8. Popstar: Never Stop Never Stopping
Lonely Island has been a comedic commodity (or musical commodity, depending on your area of emphasis) for more than a decade now. And I just didn’t get it. Hits like “I’m On a Boat” and “I Just Had Sex” registered as simplistic comedy masquerading as semi-serious attempts at pop music stardom. But after seeing Popstar: Never Stop Never Stopping (written by all three Lonely Islanders: Akiva Schaffer, Jorma Raccone and Andy Samberg), I totally get it now. Popstar puts all of The Lonely Island’s discography into context and presents Conner 4 Real (Andy Samberg), the film’s protagonist and the exaggerated id of pop music’s most flamboyant personalities. Popstar is not just the funniest film of 2016, it’s the most biting satire of the last decade, expertly skewering every facet of pop music and the industry. And for all of its ridiculous antics (including a Buffalo Bill style wardrobe malfunction, a singing refrigerator, and dog-shit pancackes), Popstar is an oddly affectionate portrait of friendship and creative expression.
7. La La Land
Damien Chazelle’s La La Land is a force of cinema. It harnesses the charisma and glamour of old Hollywood musicals and inextricably links them with the disconsolate life of struggling artists in the twenty-first century. Seb and Mia (played by Ryan Gosling and Emma Stone, whose chemistry is only overshadowed by the magnitude of Stone’s performance) are very real characters inhabiting a world built upon a Hollywood facade. Chazelle (who has had one hell of a year, also sharing a writing credit on 10 Cloverfield Lane) and composer Justin Hurwitz strike the perfect balance between show-stopping musical sequences and brooding melodies that culminate in a stunning finale that challenges anyone to find an artistic medium more extraordinary than film.
6. The Lobster
Trying to nail down a single theme for a year such as this may be a difficult task but I am willing to try. I think 2016’s overarching cinematic theme is the idea of finding purpose amidst the absurd melancholy of life (this would be an apt theme for La La Land, Peter and the Farm and at least three films forthcoming on this list). And no film exemplifies this theme better than Yorgos Lanthimos’ (the anomalous auteur behind 2009’s sensational Dogtooth) The Lobster. The Lobster sees an impotent oaf (played with pitch perfect despondency by Colin Farrell) check-in to a villa where guests must find love or be turned into an animal. Like his films before it (in addition to Dogtooth, Lanthimos’ Alps is an avant-garde oddity), Lanthimos creates a premise that is outlandish and hyperbolic, but uses this absurdist humor to whittle away at the characters. And from a bizarre piece of experimental comedy, Lanthimos yields a poignant story of love and belonging.
5. Manchester By the Sea
There’s a scene in Kenneth Lonergan’s Manchester By the Sea that defines the film’s subtle power.
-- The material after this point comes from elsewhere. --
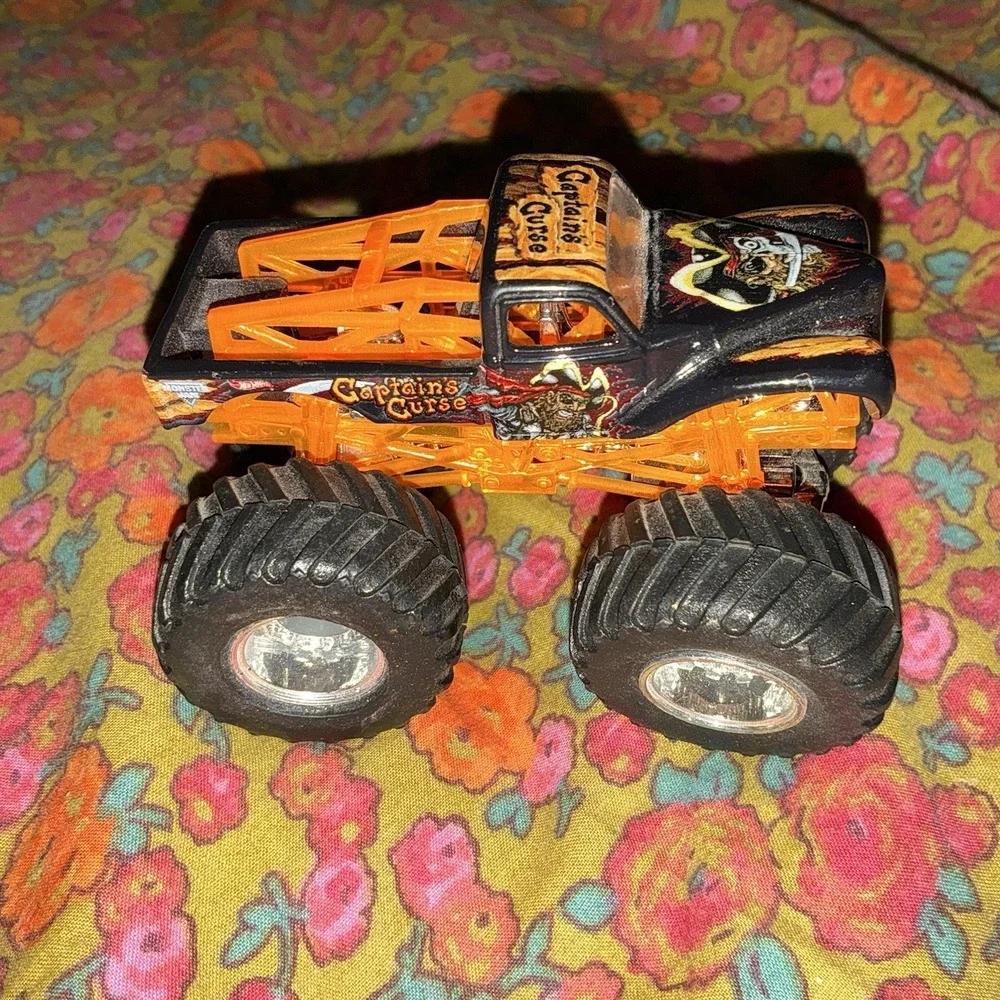 Captains Curse 1:64 Monster Jam Hot Wheels Pirate Orange Black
The scene sees Casey Affleck’s Lee—while trying to get his dead brother’s affairs in order—unable to remember where he parked his car. It probably won’t make any Oscar highlight reels, but it’s scenes like this that define Lonergan’s unforgettable film about grief and those left in its wake. Refusing to be precious or maudlin, Manchester By the Sea is at its most powerful when it can create epiphanies in scenes of banal minutiae, showing that tragedy can permeate every aspect of your life but the mundane demands of routine existence still persist. Manchester by the Sea is, paradoxically, a grand epic tale of sorrow and grief as well as an understated character study of melancholy and distress.
4. The Handmaiden
A one to two-hundred word blurb seems inadequate when discussing the nuanced themes of Park Chan-Wook’s most recent film, The Handmaiden. At once a searing thriller, an erotic love story, and a horrifically provocative tale of empowerment, The Handmaiden packs a century’s worth of revelation into its two and a half hour run-time. Set in Japanese occupied Korea, The Handmaiden is an intricate film about sex, betrayal, love, and greed (all staples in the Park Chan-Wook repetoire) that showcases Park’s ability to weld the provocative and the beautiful.
3. Silence
Martin Scorsese’s opus of religious martyrdom places a microscope on the metamorphosis of theology. It is a personal, introverted story recalled in an epic, sweeping manner, creating some of 2016’s most vivid cinematic imagery. Silence pits Father Rodrigues (defined beautifully by Andrew Garfield, nominated for the wrong film in this year’s Academy Awards) against forces he perceives as agents working against the very Spirit of the Lord. A Scorsese passion-project in the making for nearly three decades, Silence is a fascinating, complicated exploration of religion, fanaticism, martyrdom and introspection. I’m still not entirely sure exactly what Silence is trying to tell me, but I know I’m excited to keep listening.
2. Moonlight
Of all the debilitating debates of 2016, none burns brighter for me than deciding which of my top two films would occupy the number one slot. Moonlight is a masterpiece (hyperbole be damned!). It has bounced in and out of the number one spot a half-dozen times since I first experienced it. It is an astounding achievement in empathetic storytelling. For a film so superficially gorgeous (in the beach sequences specifically, cinematographer James Laxton seems capable of bending light and harnessing forces of nature for pure cinematic exploitation), Moonlight feels like a guerrilla documentary, capturing undiluted snapshots of humanity. Invented characters aren’t supposed to be so vulnerable, so fully realized, unburdened by the constraints of fiction.
1. The Witch
The Witch is less a horror movie and more of an alchemy experiment that takes a reduction of adrenaline, cortisol, and all of the brain chemistry that creates primordial, existential dread and turns it into a cinematic potion heavier than lead, suffocating the audience’s sense of well-being and safety. Robert Eggers’—a neophyte who seems to have made a pact with Black Philip himself to make a debut feature such as this—The Witch is ultimately a film about acceptance. Ana Taylor-Joy gives one of the year’s best performances as Thomasin, a young girl ultimately rejected by society and kin, alike. The Witch takes place at the intersection between the unjustifiable and the righteous, frequently blurring the edges of both, creating a nihilistic dystopia where the forces outside pushing in are just as worrisome as the ones inside pushing out.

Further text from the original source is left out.